La façon dont Jean Carpentier a pris part à la lutte contre la toxicomanie illustre bien sa conception de la médecine : « La maladie fait partie de la vie ! » Soigner ce n’est pas seulement traiter une maladie, c’est aussi participer à la vie d’un quartier, faire circuler la parole. Installé dans le 12e arrondissement de Paris en 1980, il intègre un réseau qui se veut un « réseau de socialité » dont le cabinet médical n’est qu’une partie. Il s’agit de participer à la vie du quartier pour entendre le patient : « Ce n’est pas au médecin de guérir la maladie, mais au malade avec l’aide du médecin ». D’où la fabrication d’une valise à symptômes, la réalisation d’une exposition sur la médecine dans la salle d’attente, d’un jeu de société destiné aux habitants du quartier… Et une conception novatrice de l’acte médical : « La consultation est la rencontre de deux savoirs : celui du médecin, un savoir du dehors, général, statique, et celui du malade, un savoir du dedans, de son histoire particulière, de ses fragilités organiques, de ses pulsions en général et à ce moment-là.

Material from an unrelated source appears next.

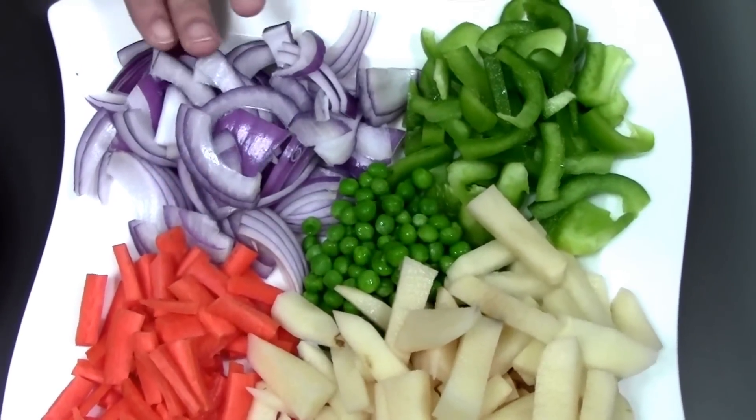Hey guys, hello and welcome to another episode of Sugar Salt and Spice. This is Sharada Ganesh and today we are going to see a typical Kerala speciality vegetable stew but with a twist — no garam masala, no spices, just vegetables, and it's going to be divine. So let's check out the ingredients.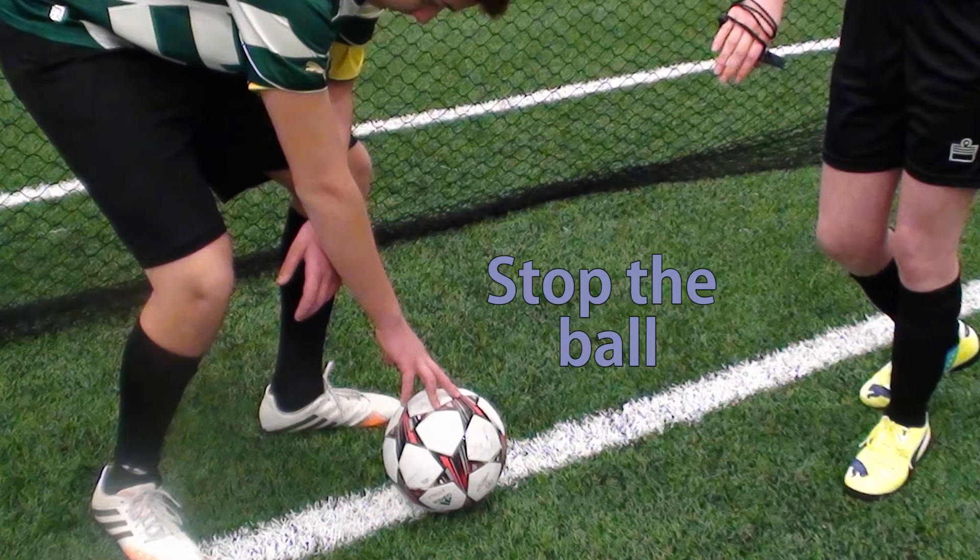In a small sided game when you're by yourself, typically what happens is the coach is on the sideline saying 'ref, sub.' Assuming that we are at a stoppage in play — in other words the ball has gone out of the field of play and hasn't been restarted yet — the first thing you're going to want to do is stop the ball from being restarted.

La maladie est une parole qui n’est pas adressée au médecin mais à l’entourage physique et humain de celui qui la parle. (…) Il est anti-scientifique de séparer le subjectif de l’objectif, le mouvement de l’instant, la cause qui semble originelle et d’autres qui paraissent secondaires. (…) Le risque encouru par le malade lorsqu’il est pris en charge par la médecine est d’être dépossédé de son énergie rebelle, d’être objectivé, en abandonnant à d’autres son « libre-arbitre » ce qui faisait de lui le sujet de son histoire. »

Jean Carpentier critique inlassablement les dérives techniciennes de la médecine d’aujourd’hui : « Le développement des sciences et des techniques a engendré un tel idéal de maîtrise qu’une inquiétude se répand. Il était fatal qu’on finisse par mettre de côté quelque chose d’un peu gênant : l’être pensant, parlant, désirant, complexe, mobile, inattendu. »

Le cheminement que Jean Carpentier raconte a ceci d’original qu’il est à la fois solitaire et collectif. Il a su, tout au cours de sa vie, se faire entendre des malades et de ses confrères, trouver des appuis auprès de personnalités influentes, créer des réseaux, faire et défaire des groupes selon les besoins. Un exemple d’engagement.

Dominique Boullier

Jean Carpentier, Journal d’un médecin de ville, éditions du Losange, 2006, 391 pages.